Task to complete → The response must be the exact lines from the line holding "Used Rear gas" through the end of the entries, with no pictures and nothing else.

============================================================

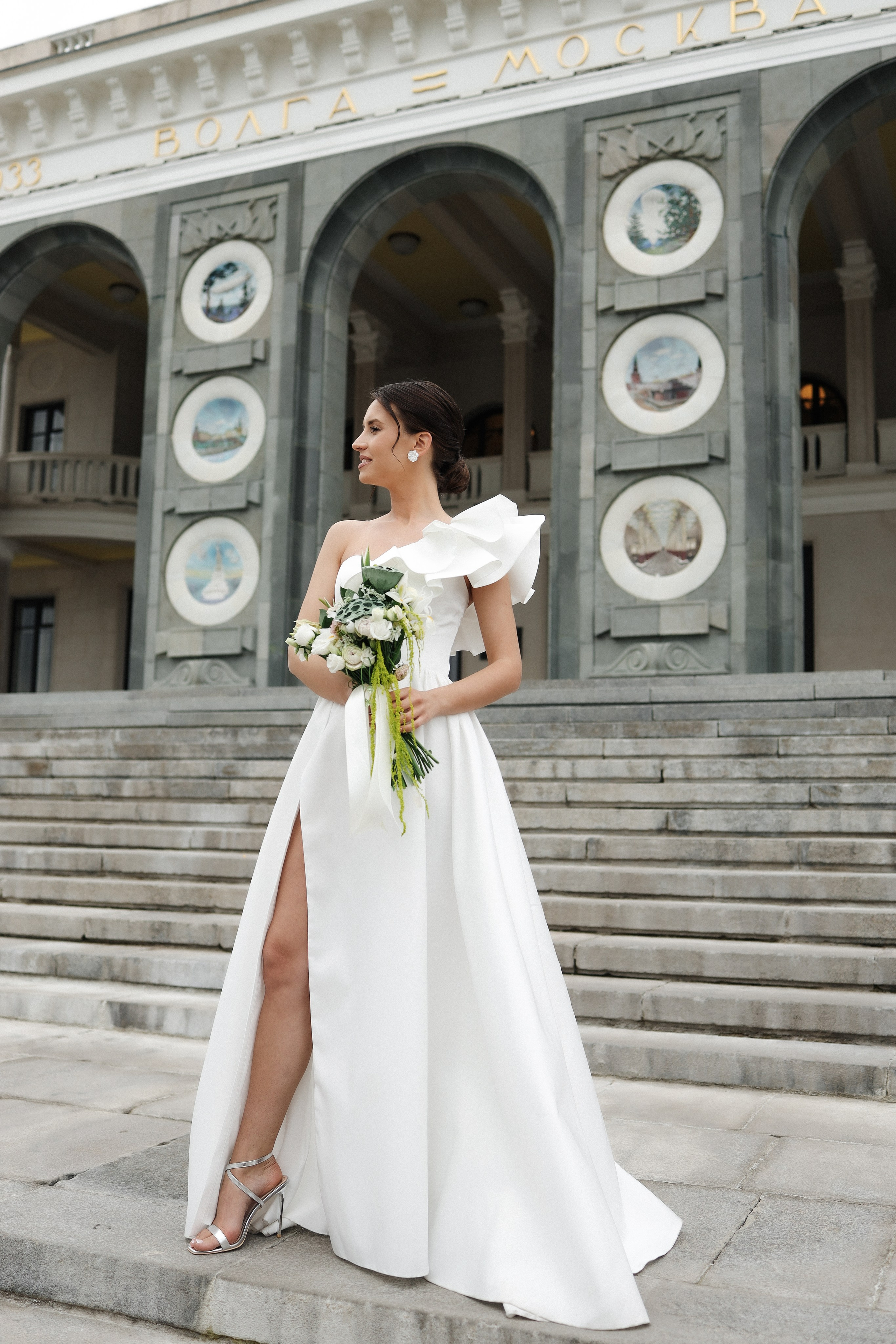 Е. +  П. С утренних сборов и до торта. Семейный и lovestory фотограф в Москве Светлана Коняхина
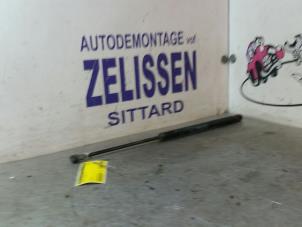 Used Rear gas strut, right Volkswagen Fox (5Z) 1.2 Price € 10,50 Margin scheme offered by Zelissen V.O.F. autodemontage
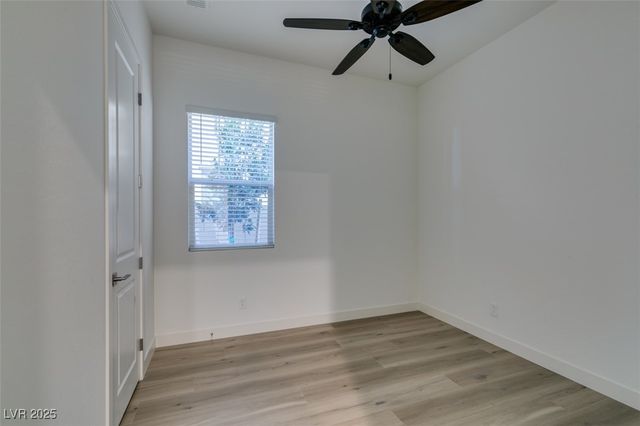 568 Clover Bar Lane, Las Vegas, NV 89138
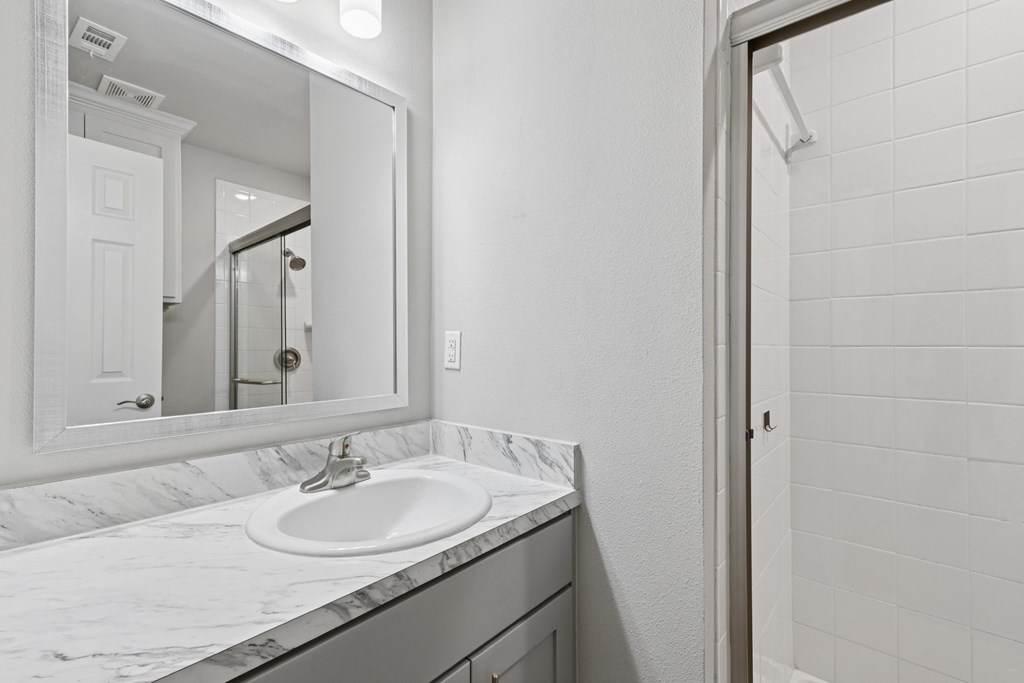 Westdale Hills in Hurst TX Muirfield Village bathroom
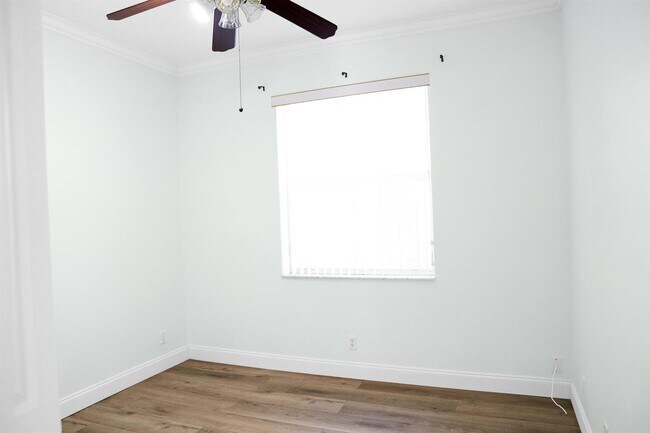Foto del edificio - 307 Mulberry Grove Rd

============================================================

Result for this exercise →
 Used Rear gas strut, right Volkswagen Fox (5Z) 1.2 Price € 10,50 Margin scheme offered by Zelissen V.O.F. autodemontage
 568 Clover Bar Lane, Las Vegas, NV 89138
 Westdale Hills in Hurst TX Muirfield Village bathroom
Foto del edificio - 307 Mulberry Grove Rd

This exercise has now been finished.